Chanel developed a passion for Venice, returning time and again – most often with artist’s muse and patron extraordinaire, her BFF Misia ‘Jojo’ Sert, illustrator Christian Bérard and Ballets Russes impresario Sergei Diaghilev. Originally, Chanel went to Venice to get over a broken heart, after the death of her lover Arthur Capel. The city seems to have worked its legendary magic – because it emerges that Venice is also inextricably linked with so many the ‘signatures’ still worn by Chanel-loving fashionistas today: the lion emblem, the chunky Byzantine crosses she recreated as costume jewellery (inspired by the gold adorning Venice’s churches, especially St. Mark’s Basilica with its emerald and sapphire-studded screens).

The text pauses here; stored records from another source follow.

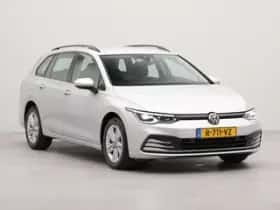 Volkswagen Golf (2021) thumbnail 3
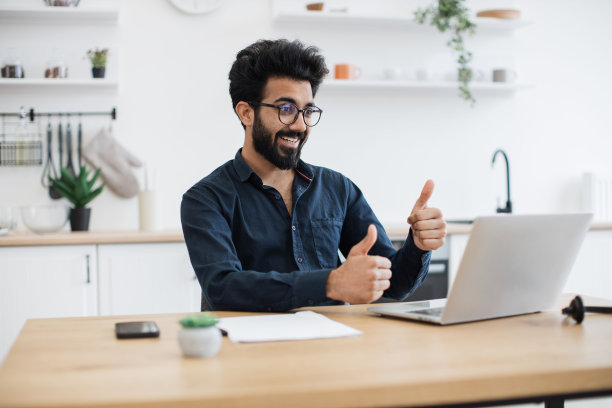 顾问通过家庭办公室的电脑接收视频电话图片下载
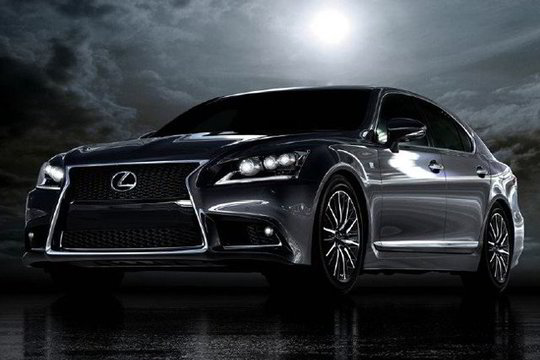 Internete jau pasklido naujojo „Lexus LS“ nuotraukos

Chanel Paris-Venise is the most ‘exotic’, sun-drenched of the trio, taking the sumptuousness of the Orient and enfolding that in a cottony warmth. Shards of light run through it, via citrus notes, with a subtle neroli alongside touches of red berry, Grasse geranium and soft iris. On the skin, we find this the longest-lasting, with a rich, sensual accord of amber and cedarwood.

Along with the trio of fragrances, a beautiful new flacon has been created – with tactile, sculpted edges, inspired by a hip-flask. It makes the process of spraying – and re-spraying – even more of a pleasure.

There are, Olivier Polge tells us, other Les Eaux de Chanel to come. Paris-Westminster, perhaps (marking the time she spent here with her lover the Duke of Westminster)? Paris-Scotland? (She loved to holiday on the moors there, with the Duke.) Or Paris-Côte d’Azur…? His lips are sealed, but we can’t wait.

Les Eaux de Chanel launch officially today (13th July). We recommend making your own journey, in Chanel’s footsteps, to check out the places she loved.